There also are wind tunnels, engines, uniforms and more. Increasingly, the museum is putting its planes in tableaus to tell stories. Next to the B-25 is a mannequin of Jimmy Doolittle preparing for his 1942 bombing raid on Tokyo. The P-36 is about to be boarded by a man still in his pajamas as he rushes to defend Pearl Harbor during the attack.

(The pilot on whom the scene is based recently visited the museum and had the staff tuck the pajama pants inside his boots for greater accuracy -- he said he tried to be as military as he could under the circumstances.)

Ohio is beginning to push its claim as the birthplace of aviation -- its new auto license plates proclaim this. The Wright Brothers were from Dayton, and after their first flights in North Carolina, where they went because they were looking for bad weather, they returned home for a few years of further testing. The Army used McCook Field near Dayton for its early testing, and it was here that the museum began in 1923. While there are displays about Leonardo da Vinci and gliders, the oldest real planes are a 1909 Bleriot (the kind that amazed the world by flying across the English Channel) and a modified Wright Brothers Model B Flyer from the same era.

Nearby is a letter from the government telling the brothers to forget their silly idea. It took President Theodore Roosevelt's personal intervention to get the military interested in aviation. Some two dozen foreign aircraft are in the collection, with almost all the World War I group foreign-made because that was what U.S. pilots flew. Startling is the Fokker D VII, decorated in the colors of German pilot Lt. Rudolph Stark -- World War I dabbled camouflage and pink.

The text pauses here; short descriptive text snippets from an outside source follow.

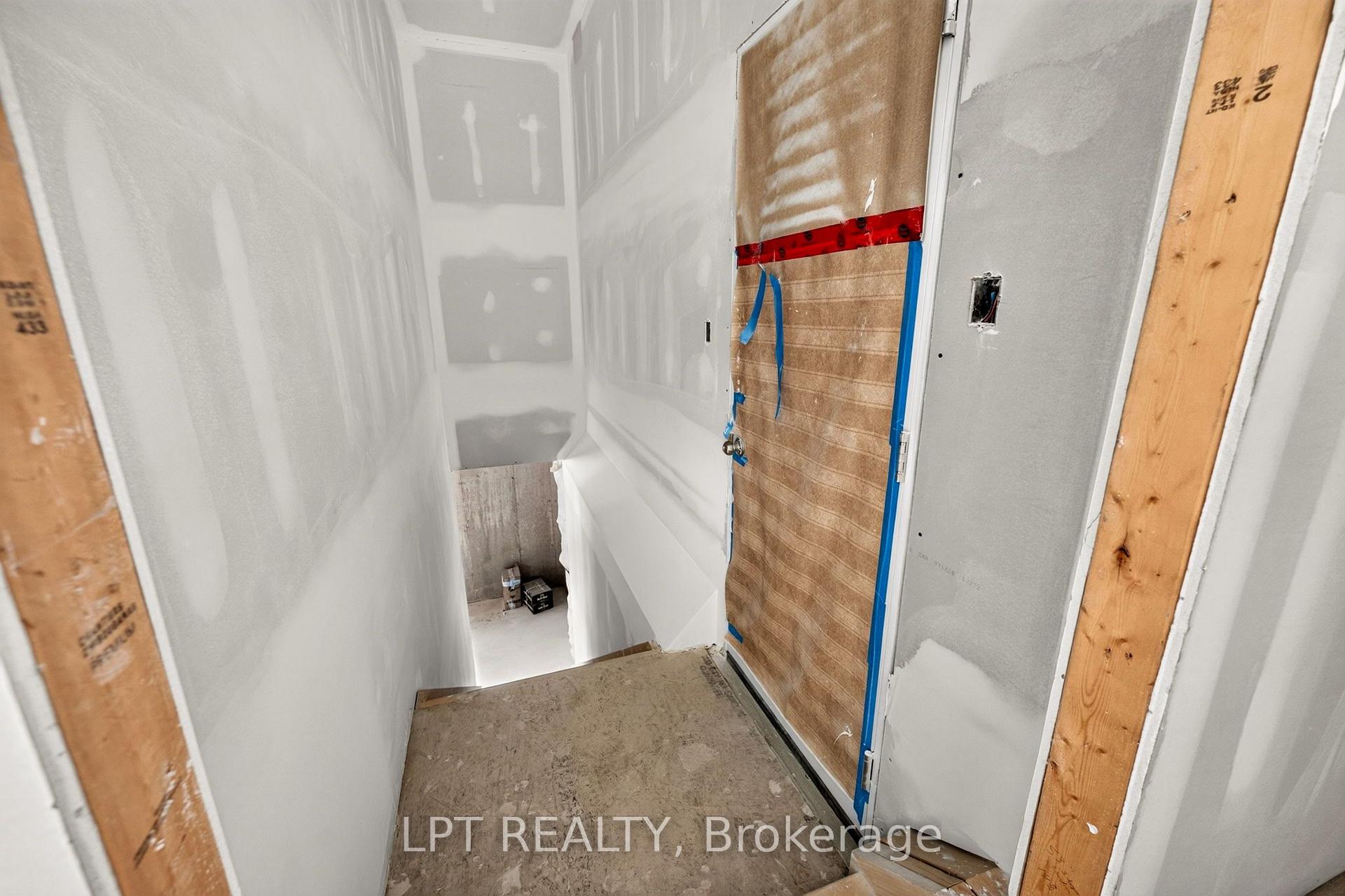 Photo 14 of 207 Merritt Court, North Middlesex, Parkhill — HOMEH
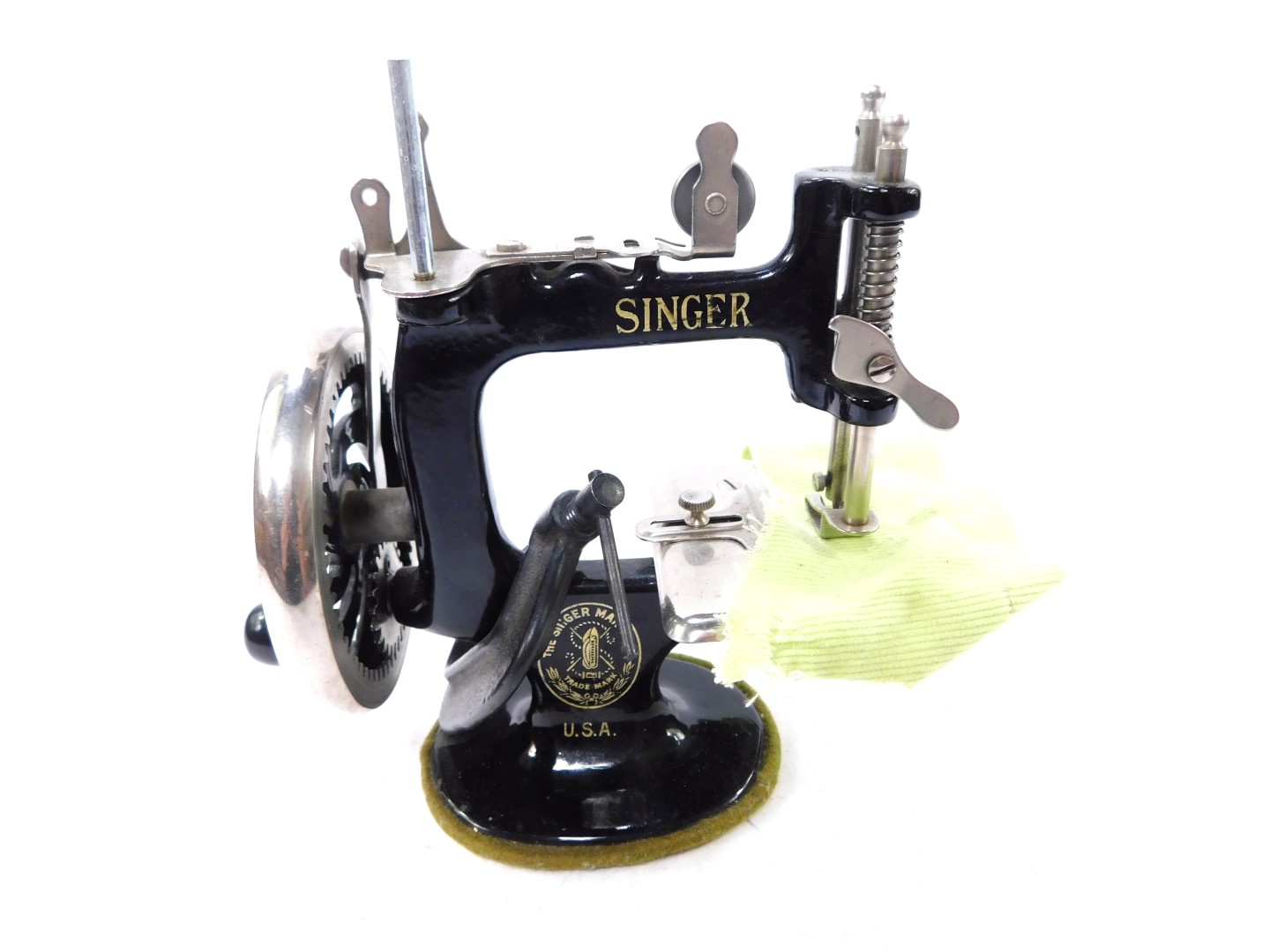 A Singer Model 20 child's sewing machine, 18cm wide.
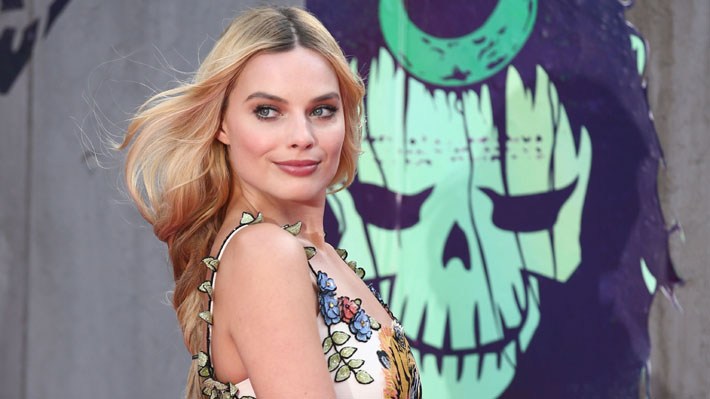 Warner quiere que Margot Robbie sea Barbie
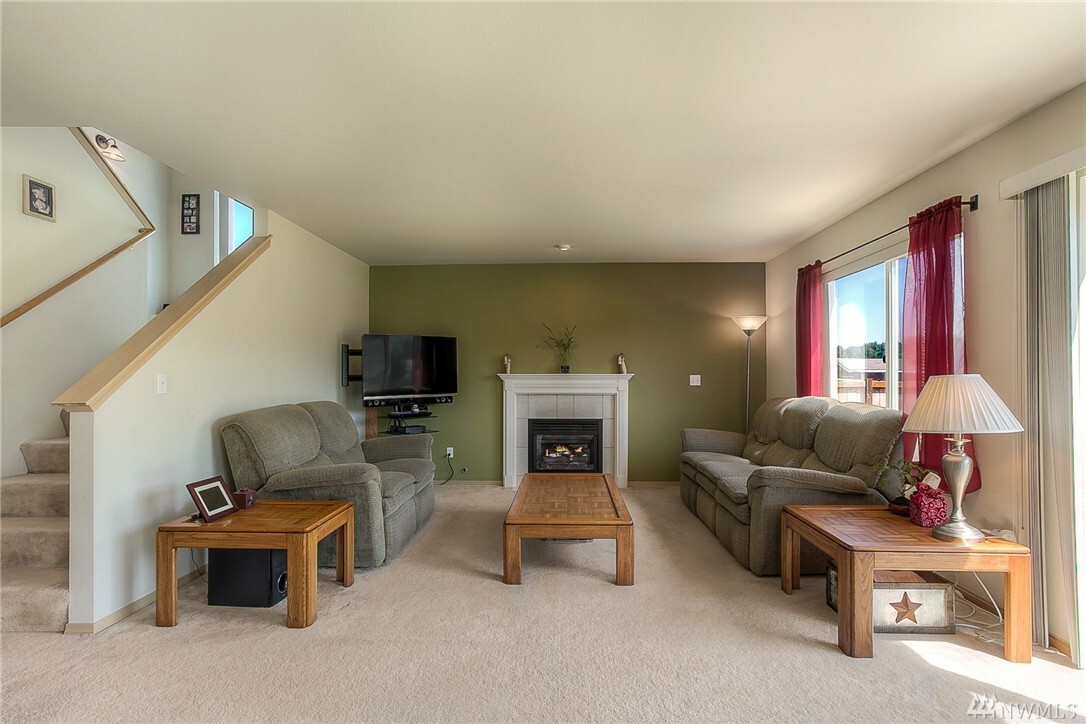 Property Photo:  20207 85th Av Ct E  WA 98387 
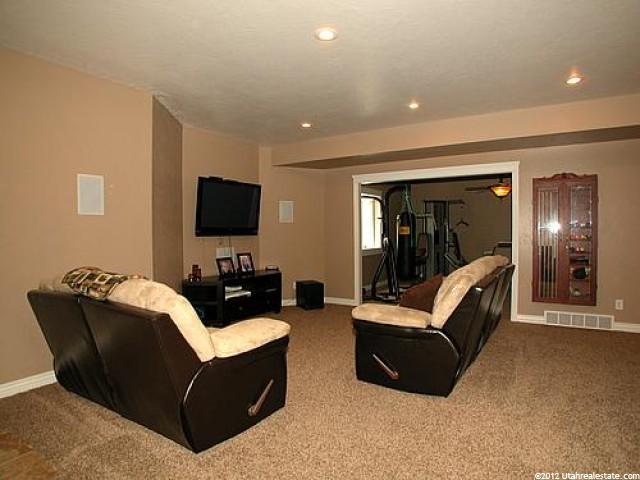 225 N 390 W, Wellsville, UT 84339 — photo 5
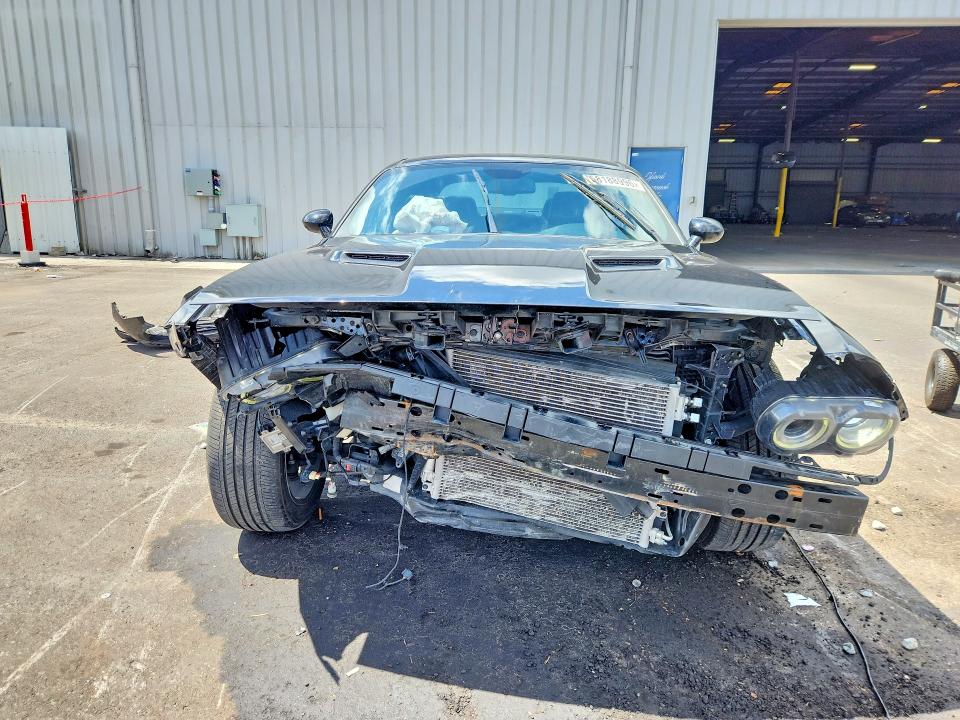 58188996 :رقم المزاد ، 2C3CDZAGXKH623209 vin ، 2019 Dodge Challenger مزاد بيع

Some of the planes are unique in that they were used by famous people in infamous situations, and some are rare surviving examples of their type. One of the stars of the World War II era is a sleek P-61 Northrop Black Widow fighter, almost totally black to blend into the night in which it fought. There also is the inadvertent World War II British semi-stealth fighter, the DeHavilland Mosquito, which made only a faint impression on German radar because it was made mostly of wood.

Then came the jets. America's first operating jet, the F-80 Lockheed Shooting Star, is there, but so are earlier jets, the P-59 Bell Aeracomet, begun in 1942, and a German ME-262, which caused havoc late in the war.

The P-59 is in the museum's two-part annex, the part devoted to research and development aircraft. Among other planes in this hangar are a Lockheed F-12, a forerunner of the SR-71 spy plane; the North American F-107, which cost $30.8 million and was used for less than a year; and Republic's F-91, which had a top speed of 984 mph, but could stay aloft only 25 minutes at a time.

It's safe to assume that if it was Air Force and flew, it probably is here. And toss in a couple of rockets, missiles and spacecraft for good measure.

WHEN YOU GO ...

Getting there: The museum is just east of Dayton, Ohio, close to Interstate 70, about an hour west of Columbus. Exit at Interstate 675 south; signs for the museum appear after about nine miles.

Tours: These are worth taking because the guides offer information not provided elsewhere. Guides must cover a lot of ground quickly, so plan on also going through alone for the more complete visit.

Activities: An Imax theater has several showings daily, and there's a British Harrier jump jet simulator.

Hours: 9 a.m. to 5 p.m. daily, except Thanksgiving, Christmas and New Year's.

Cost: Admission and parking free.

Information: 937-255-3284; Web site: www.wpafb.af.mil/museum.